Steinberg zitiert ausgiebig aus einer nahezu unüberschaubaren Reihe von Briefwechseln und Memoiren und erreicht damit eine Darstellung der Persönlichkeit Bismarcks, die auch seine ausgeprägt negativen Seiten umfasst, wie aber auch seine brillante Stilistik, seinen verqueren Humor und seine Offenheit in Sachen politischer Planung bestens erkennen lässt. Daraus ist ein hochgradig lesbares Buch geworden, das sich nicht nur der staatsgeschichtlichen Bedeutung des Biografierten annimmt sondern vor allem einen Mann präsentiert, der aus seiner Zeit gekommen dieselbe mächtig überragt hat.
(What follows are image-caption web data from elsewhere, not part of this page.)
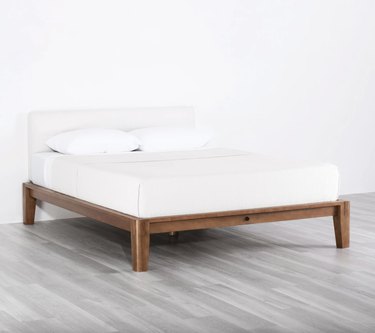 bed on walnut bed frame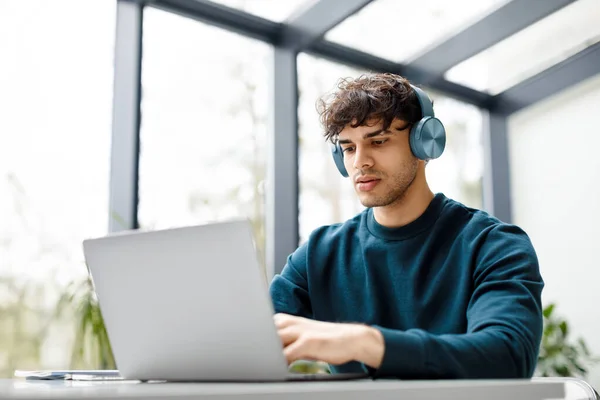 若いヨーロッパの男性デザイナーは 現代のガラスオフィスのインテリアでノートパソコンで作業しながらヘッドフォンで音楽を聞いています コピースペース フリーランス オンライン求人コンセプト — ストック写真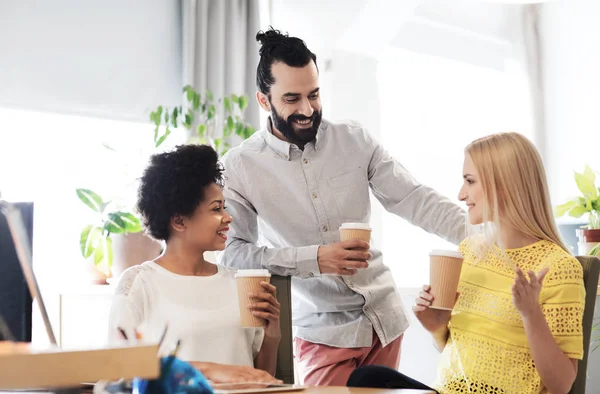 Equipo de negocios con tazas de café hablando en la oficina —  Fotos de Stock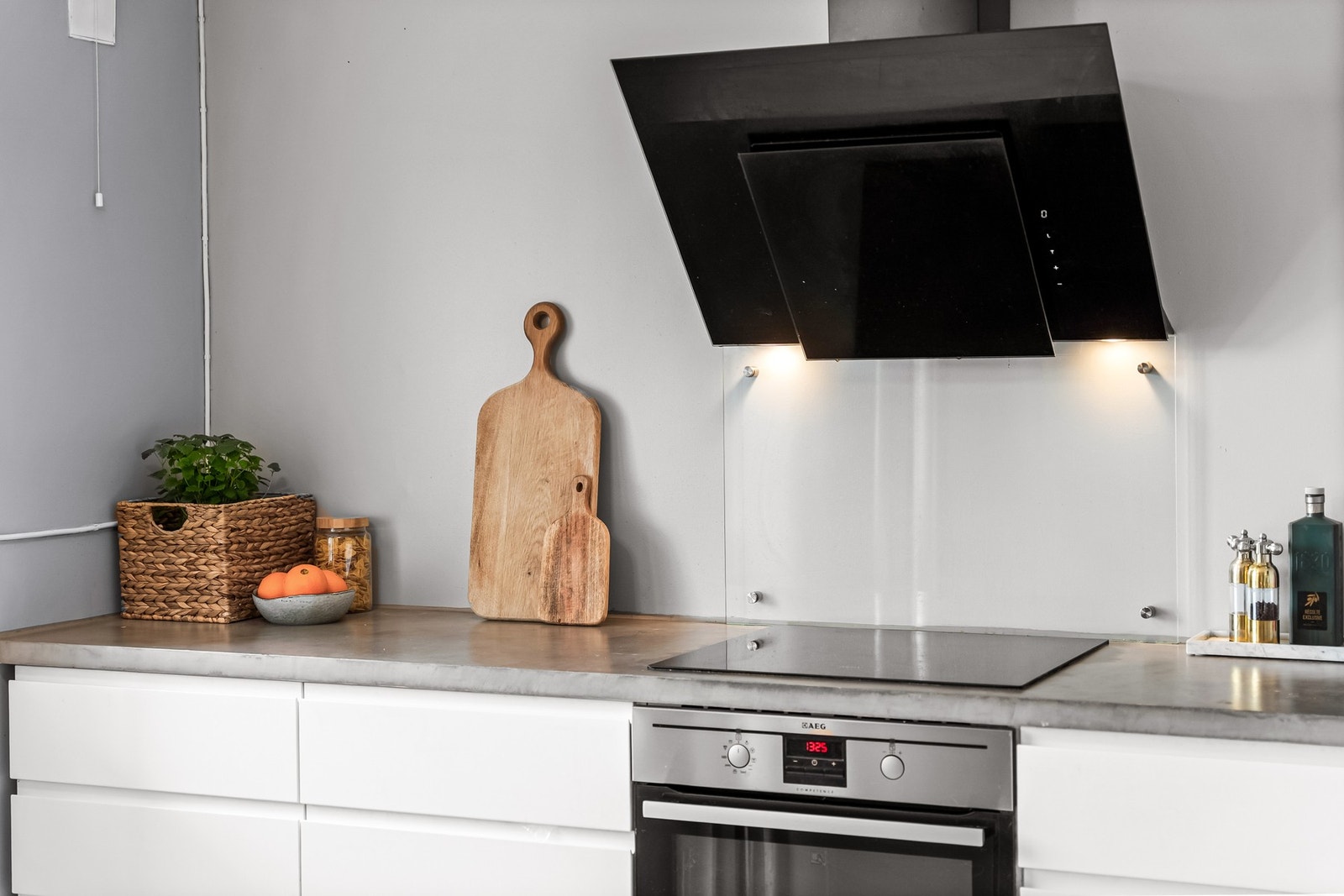 Benkeplaten er av heltre belagt med mikrosement og har nedfelt porselenskum. Dette gir kjøkkenet stilrent uttrykk. Det er også en praktisk glassplate bak stekesonen. Galleribilde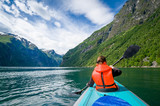 Fototapeta  - Woman kayaker at Geirngerfjord, Norway.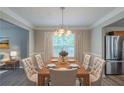 Formal dining room featuring an elegant chandelier, large windows, and seating for eight at 589 Arbor Ridge Dr, Stone Mountain, GA 30087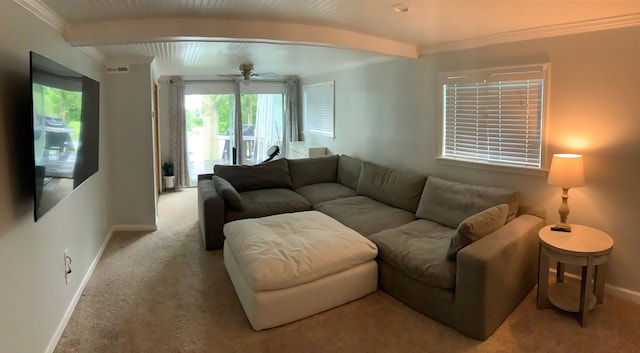 living room with beamed ceiling, ceiling fan, and ornamental molding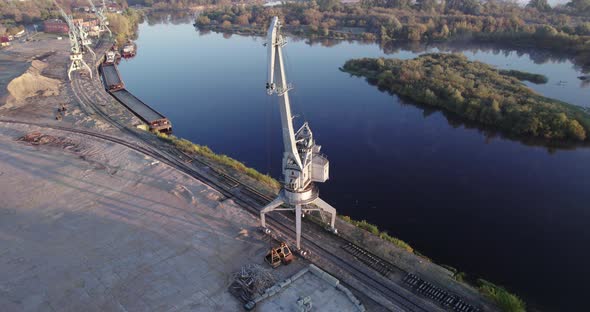 Boom of an Idle Port Crane on the Background of the River at Dawn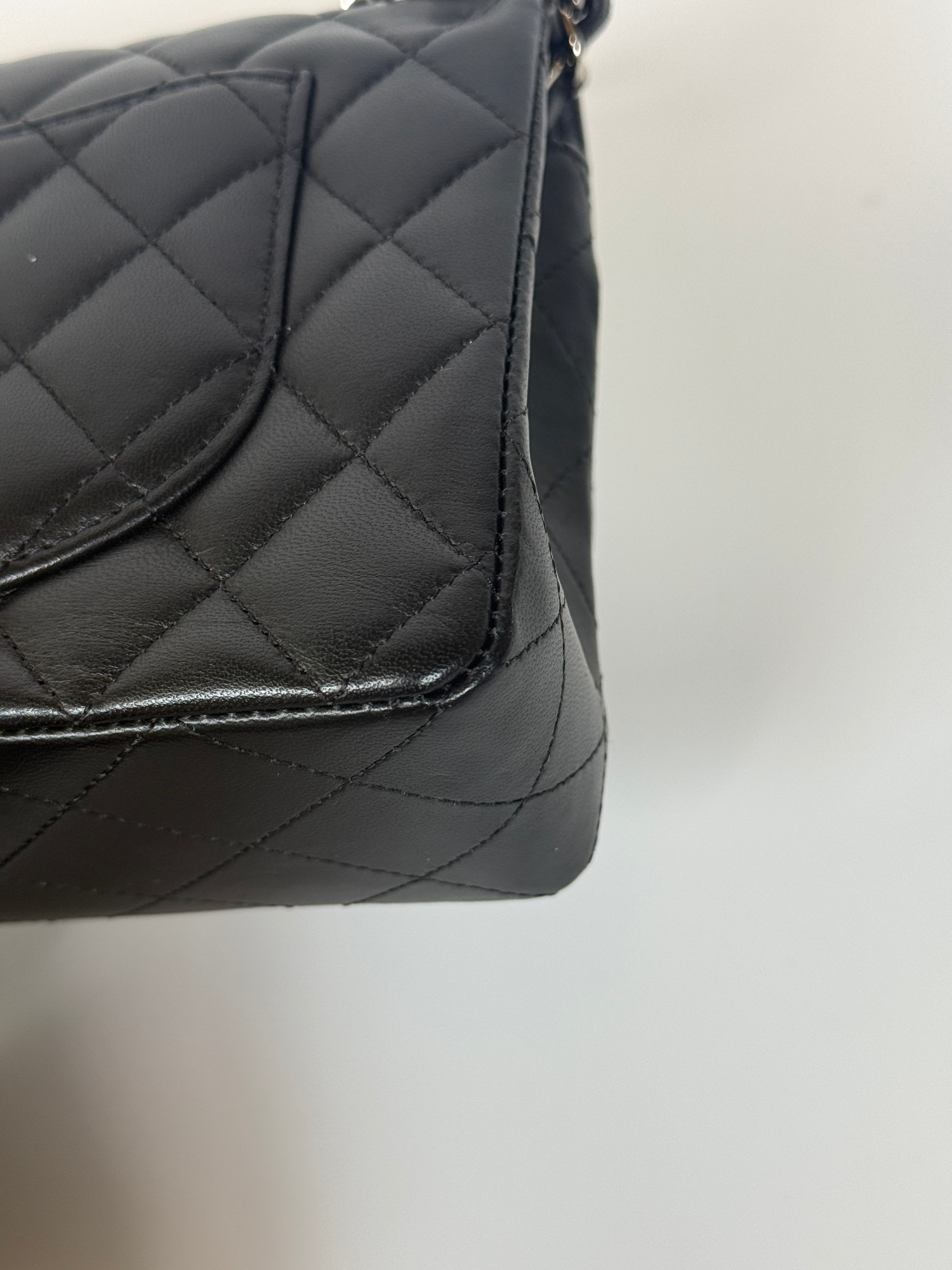 Authentic and preloved Chanel Small Classic Double Flap In Black Lambskin Leather With Silver hardware 100% Authenticity guarantee
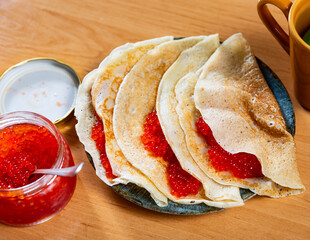 Delicious pancakes served on plate with red caviar..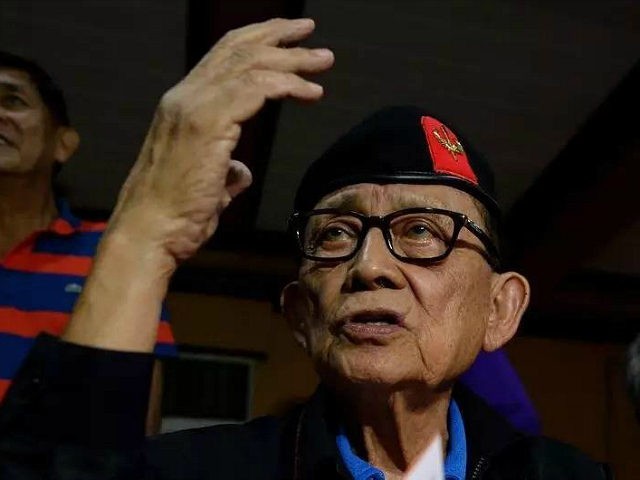 Former Philippine president Fidel Ramos (R) gestures during a press conference at Camp Agu
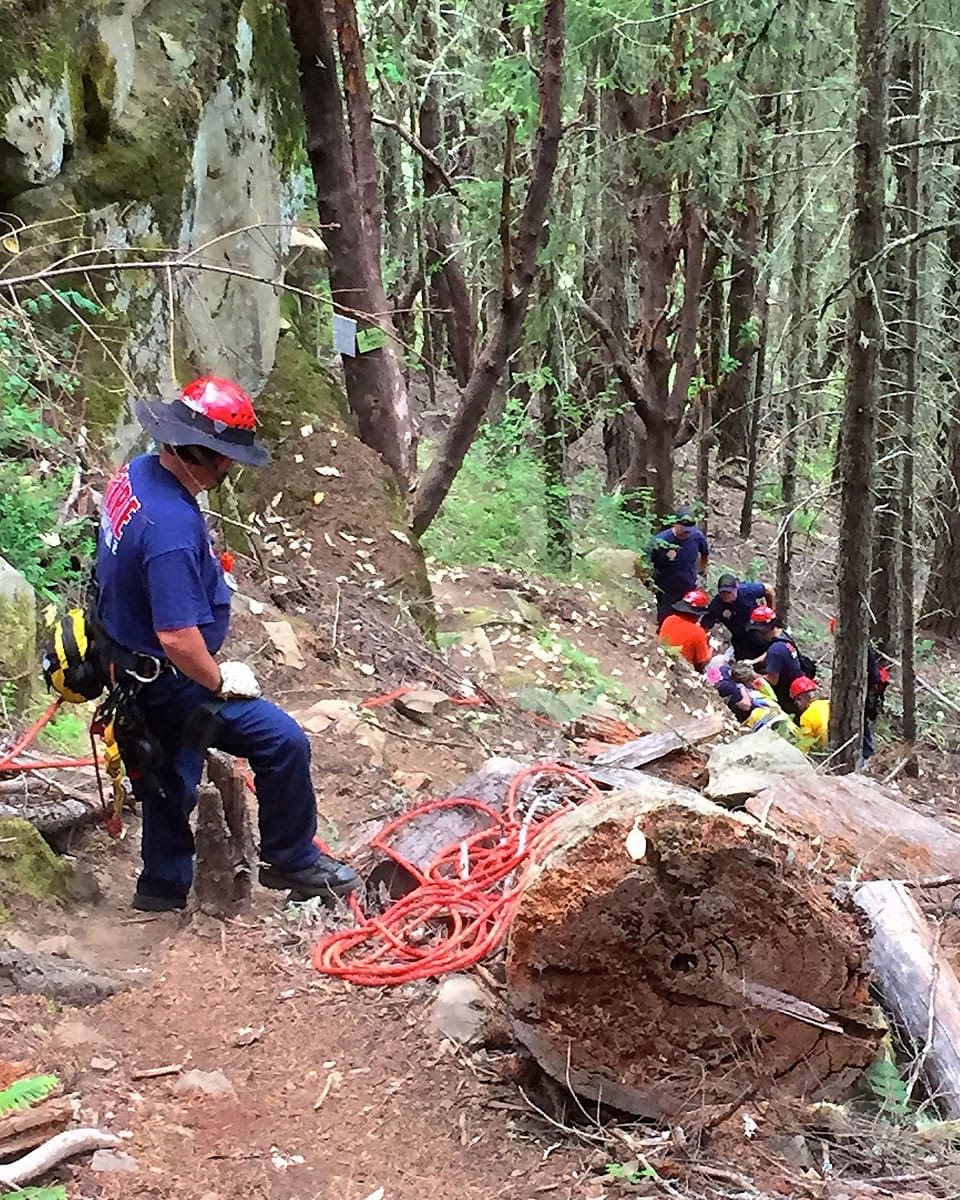 In this July 4, 2015, photo provided by Greg Suhrstedt, a firefighter observes as other rescuers treat injured Daniel Cooper after he fell from a huge rock next to the trail on the Callahan mountain range west of Roseburg, Ore.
Indirekt liefert diese Biografie auch ein Porträt jenes Herrschers, der fast die gesamte lange Dauer von Bismarcks Regierungszeit über König von Preußen und alsbald Deutscher Kaiser war, des bei seinem Ableben über 90 Jahre alten Wilhelm II, der sich durch wenig ausgeprägte eigene Meinung, vielfaches Zaudern, aber einen hohen Grad von Informiertheit auch in Detailfragen auszeichnete; und ein Bild der ausgeprägten Intrigen, die hinten herum von Königin und Kaiserin Auguste sowie vom Kronprinzenpaar unter vornehmlicher Anleitung der Tochter der englischen Königin gesponnen wurden.